To be sure, those mechanics are solid. The rules are simple, as is the actual game play. This is not a terribly deep title, nor is it designed as such. However, like all card games, skilled play does require some subtle strategy. By making an opponent draw from the reserve deck, you can deliciously stick an opponent with an extra card at an inopportune time. This minor spite element will be familiar to any seasoned card gamer. I mean, who doesn’t get a kick out of schluffing the Queen of Spades off to an unsuspecting schmuck in a game of Hearts?
But unlike trick taking games, you’re not necessarily stuck with that extra card in Crazy Creatures. You have the chance of getting rid of it in a subsequent turn. On the other hand, rather than be a jerk, flipping a machine card may prove more advantageous to both aid your own progress and impede that of others. Observation and awareness, two traditional card gaming virtues, will serve you well here, too.
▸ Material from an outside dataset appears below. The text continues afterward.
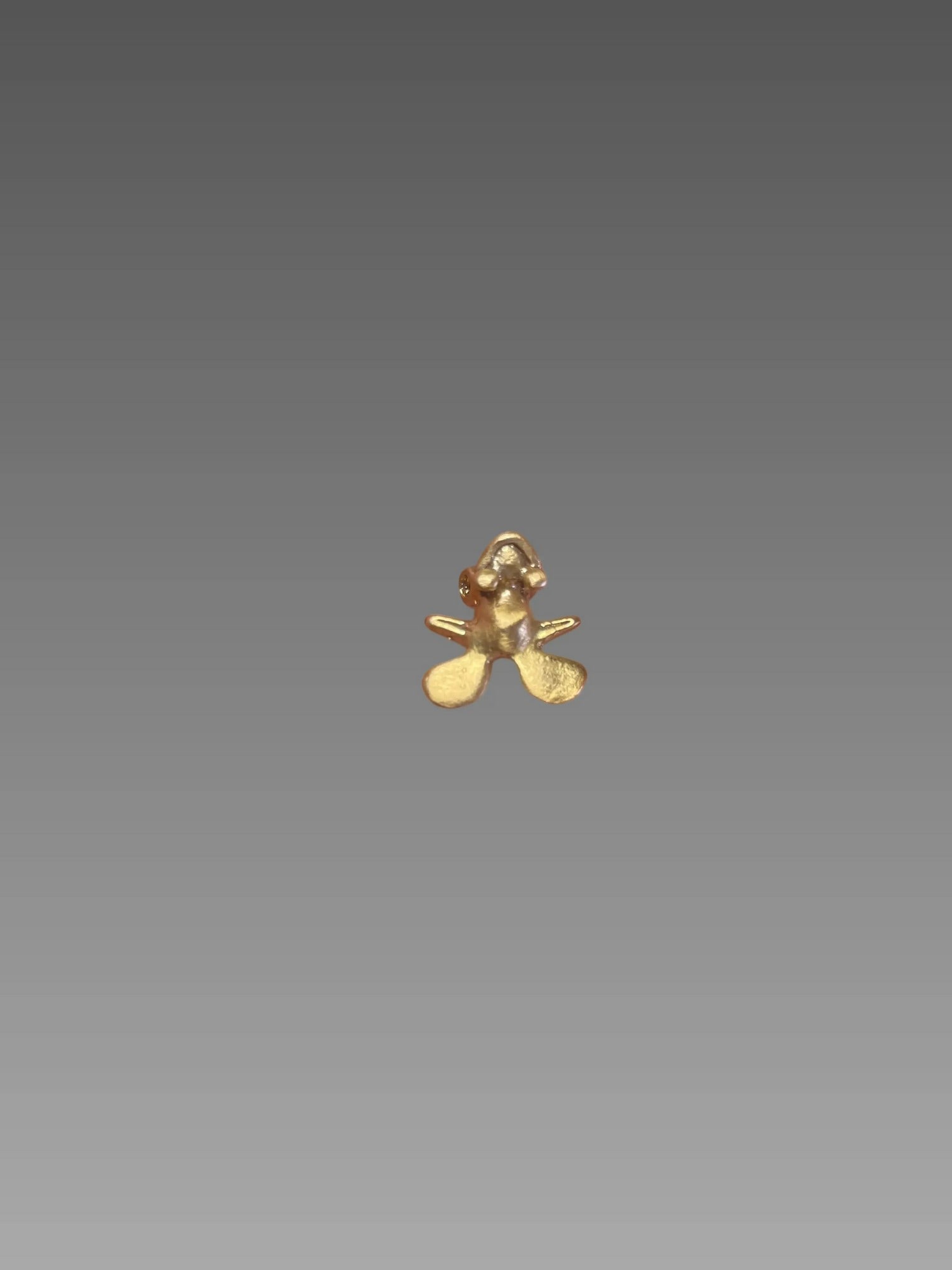 Pre-Columbian Gold Frog Pendant (1 of 5)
As a pure card game, Crazy Creatures will appeal on different levels, but suit a few situations nicely. For serious hobby gamers, Dr. Gloom’s monstrosities will serve as a nice quick filler before, between, or after other titles. For dyed-in-the-wool card gamers, the horrifying reanimations should provide a bit lighter fare, I’d say in the same vein as Gin or Rummy. For casual gamers, the mad Herr Doktor will prove an enjoyable social experience on the same level of something like Tichu (only quicker). And as for families, the fiendish laboratory experiments will offer a relaxed bonding time similar to Uno or Phase 10 – and can even teach younger kids basic numbers and critical thinking.
Crazy Creatures of Dr. Gloom is accessible to a broad range of groups, plays smoothly, and moves briskly. These little beasts transport easily, set-up quickly, and require no food. It’s even easy enough to skip the writing pad and keep score in your heads. If you’re looking for a thematic mad scientist game, this title will not fulfill. It is not very deep and won’t be an instant classic. But as a light, traditional-style card game with some subtle strategy and spite, it should deliver well as a filler, for social gaming, and for families.
iSlaytheDragon would like to thank Stronghold Games for providing a review copy of Crazy Creatures of Dr. Gloom.